On conclura sur un « Mont-Blanc », dessert en verrine revisité, servi dans un bocal de grand-mère, crème de marron en fondations et colonne de Chantilly en neiges éternelles, qui aurait mérité un peu plus de caractère. Mais l’appétit a déjà quitté les sommets pour rejoindre la vallée alors que nous passons en revue les restaurants mutuellement visités les semaines précédentes. Le monde ne pourrait être plus petit. Un œuf de caille. Une bille de Beluga. A peine.
Aux Marches du Palais
5, rue de la Manutention
75116 Paris
Téléphone : 01 47 23 52 80
Formule du Déjeuner à 21 €
Sinon, comptez autour de 30 €
Merci pour cette adresse et sa carte alléchante...
Rédigé par : Tiuscha | 26 juin 2007 à 13:25
Dans un genre -très- différent, une alternative pour moi aux déjeuners parfois très bruyants au Tokyo Eat ... Merci !
C'est vrai que la quenelle a, quand même, une drôle de forme !
Rédigé par : eva | 26 juin 2007 à 14:03
Bien le prix!
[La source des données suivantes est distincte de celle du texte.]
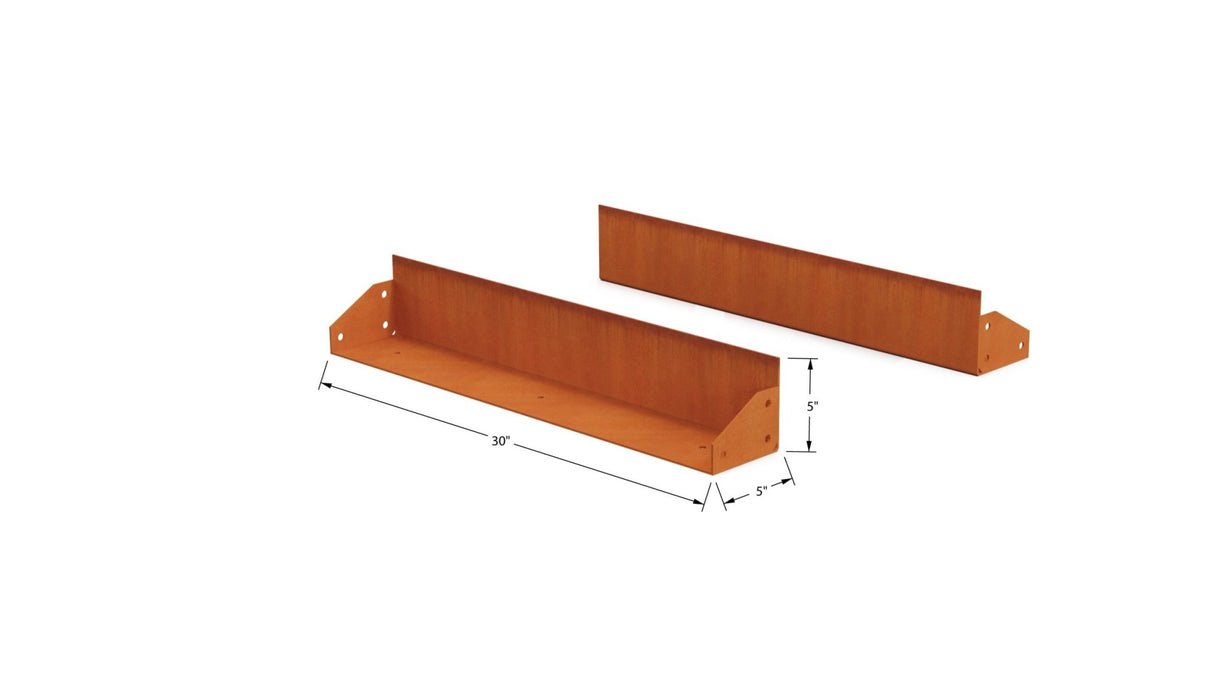 High Corten Steel Straight Edging - Plantercraft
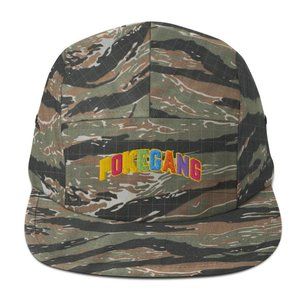 PokeGang Unisex Green Tiger Camo Adjustable Metal Eyelets Classic Snapper Hat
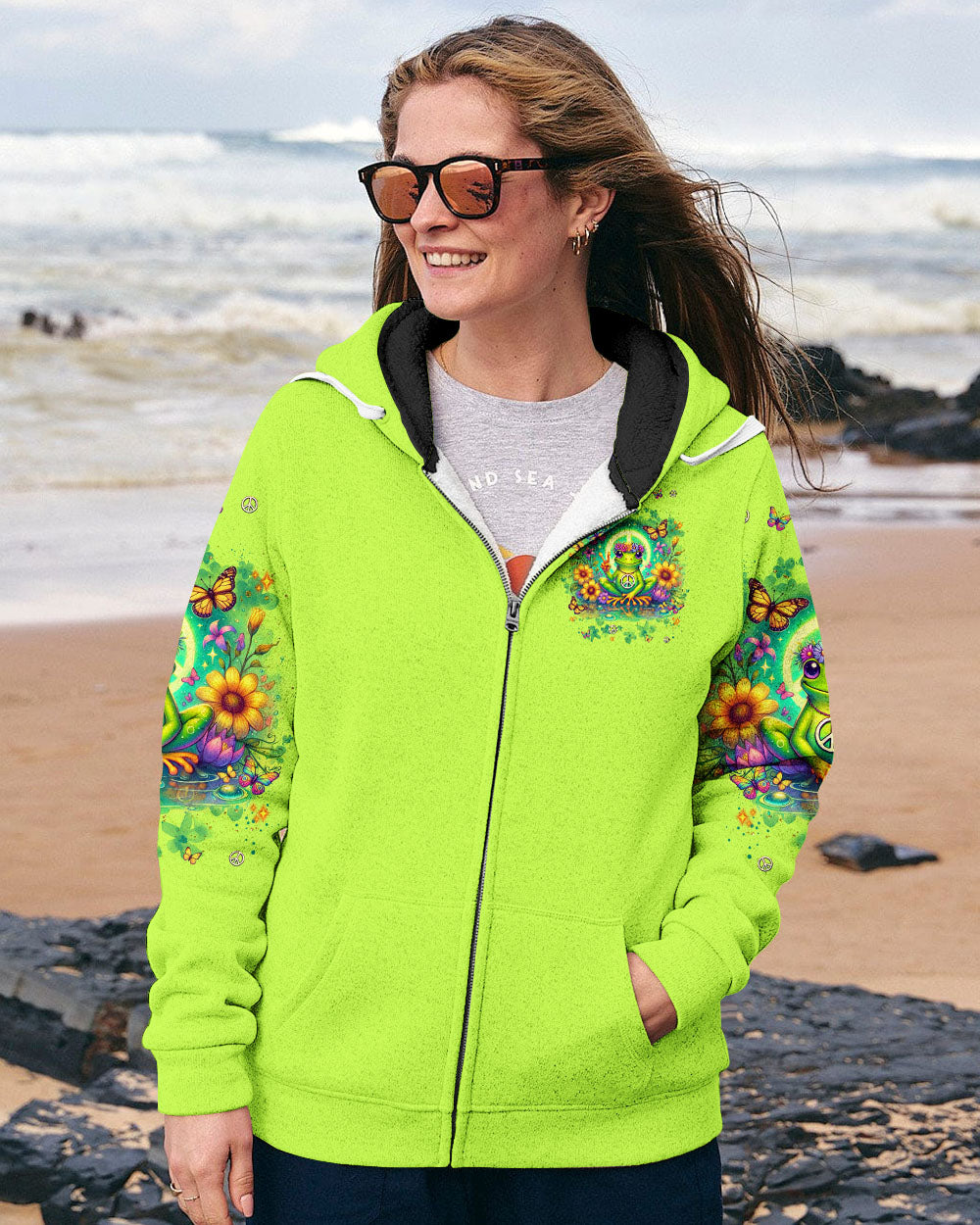 BE YOU THE WORLD WILL ADJUST FROG ALL OVER PRINT  - TLNT2001251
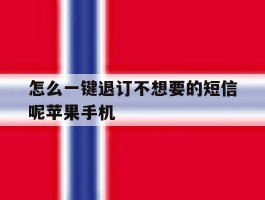 包含怎么一键退订不想要的短信呢苹果手机的词条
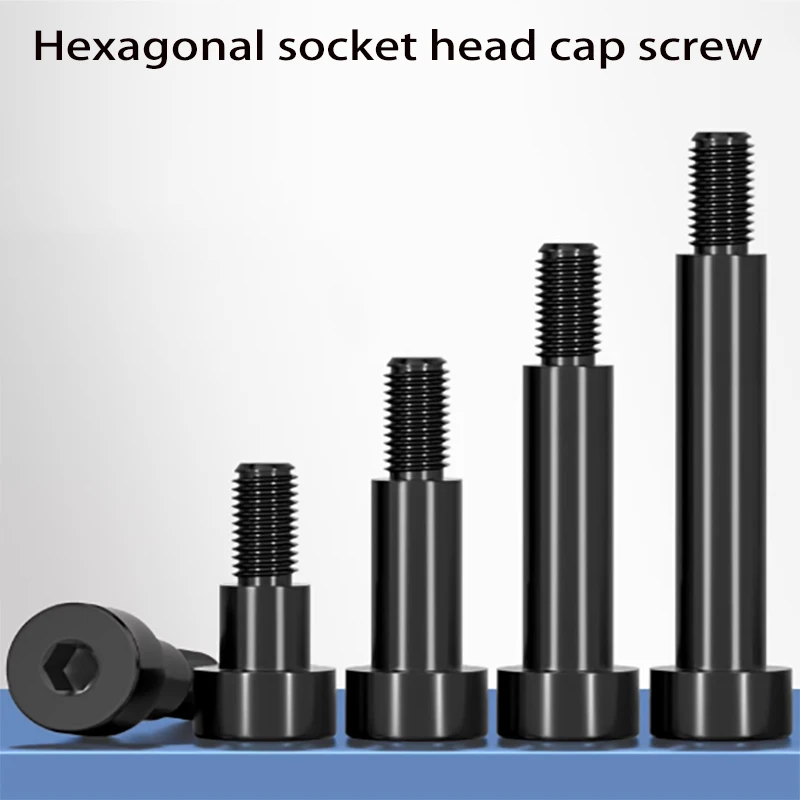 

M2.5 M3 M4 M5 M6 M8 M10 M12 M16 Black 304 Stainless Steel Hex Hexagon Socket Cap Head Roller Bearing Shoulder Screw Allen Bolt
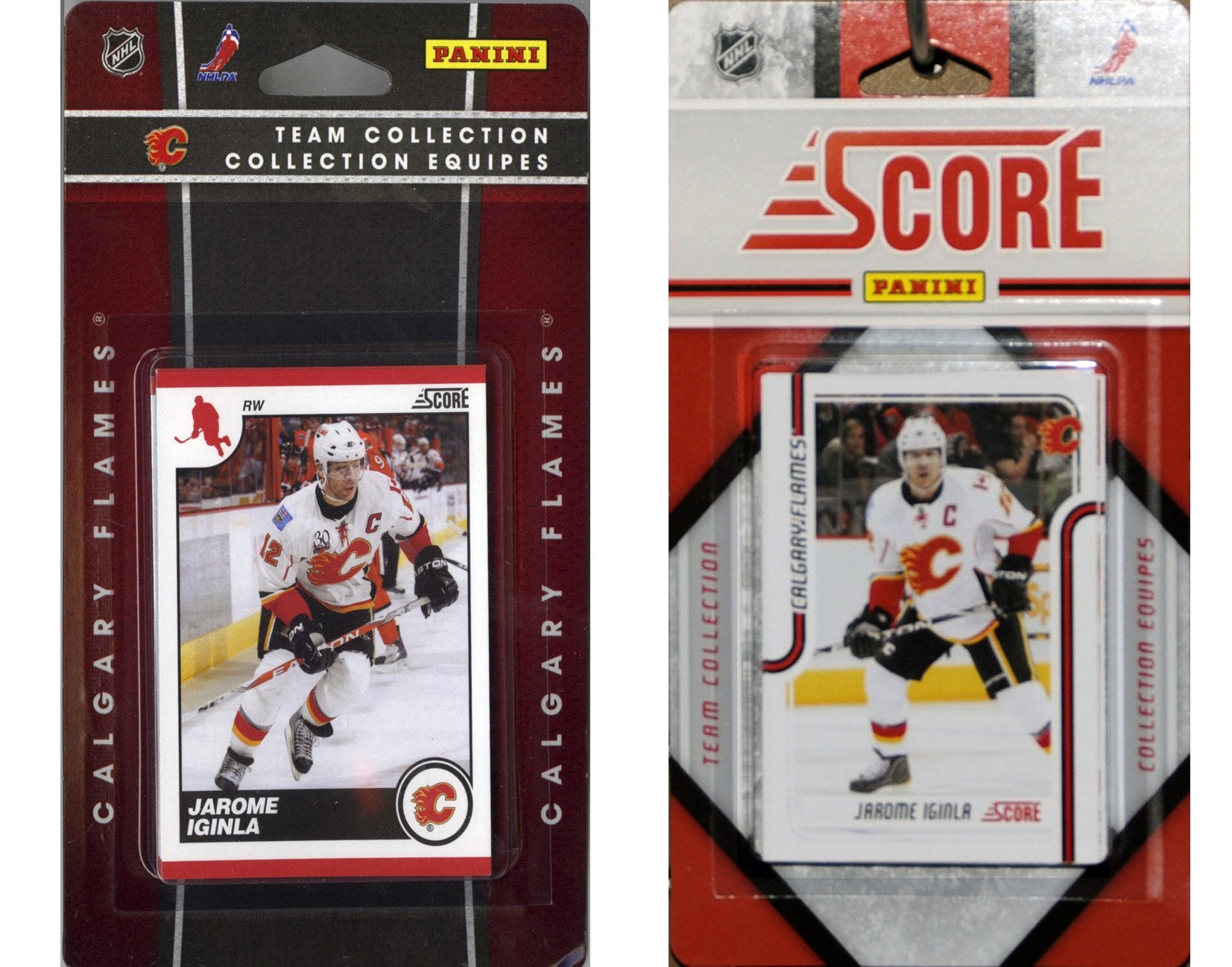 NHL Calgary Flames Licensed Score 2 Team Sets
Ma pt'ite soeur n'habite pas très loin ..je lui dirai, son mari est un grand chef, ils vont certainement aller voir ça!bye
Rédigé par : MamSand | 26 juin 2007 à 15:37
Ca n'a "presque" rien a voir mais je viens de reperer les photos en lien sur ESPRIT THAI...
C'est vrai que tu es alle la-bas !
Et c'est plutot marrant de voir d'autres photos d'un endroit qui finit par m'etre tres [trop ?] familier...
g.
Rédigé par : g. | 26 juin 2007 à 16:16
Même si vous êtes un grand découvreur comme La Pérouse, je ne vous souhaite pas de finir comme lui !
Rédigé par : Thaïs | 27 juin 2007 à 09:17
Ce nouvel article se faisait désirer...
Particulièrement agréable d'imaginer Bougainville s'aventurant dans les eaux tumultueuses de la gastronomie :-)
Une petite musique pour accompagner le tout n'aurait pas été de trop, ayant tout particulièrement apprécié ton dernier écrin, je t'encourage vivement à continuer le voyage des sens...
Rédigé par : Une princesse... In & Out The City | 27 juin 2007 à 09:30
Tiuscha, MamSand > C'est une vraie bonne adresse, injustement méconnue mais pourvu qu'elle le reste encore un peu ! ;-)
Eva > Tu m'étonnes ! Comme quoi l'habit ne fait pas le moine...
g. > La Thaïlande, j'ai adoré. Beauté, dépaysement, gentillesse, et quelle cuisine !
Thaïs > Au contraire ! Quel destin que celui de disparaître en mer en laissant derrière soi le mystère de sa mort. Très romantique non ?
Princesse > En avant la musique ! Je vais voir ce que je peux faire pour continuer à mettre de la musique sur ce blog. C'est vrai que ce serait une bonne idée d'accompagner les critiques de thèmes musicaux...
Rédigé par : Thierry Richard | 27 juin 2007 à 09:55
@Thierry : Romantique peut-être,(quoiqu'il ait peut-être survécu quelques années sur une île et dans quelles conditions. ), si tôt ?
Rédigé par : Thaïs | 28 juin 2007 à 12:57
Thaïs > Effectivement je trouve aussi que c'est encore un peu tôt ! ;-)
Rédigé par : Thierry Richard | 28 juin 2007 à 15:18
C'est vrai très très bonne adresse, le hasard d'un soir de Tokyo Eat complet nous a conduit dans cet endroit qui est devenu un classique. Service irréprochable, plats simplissimes mais fabuleux, ah le foie de veau ! Merci de parler de ces lieux qui ne sont pas à la mode mais qui valent vraiment le détour.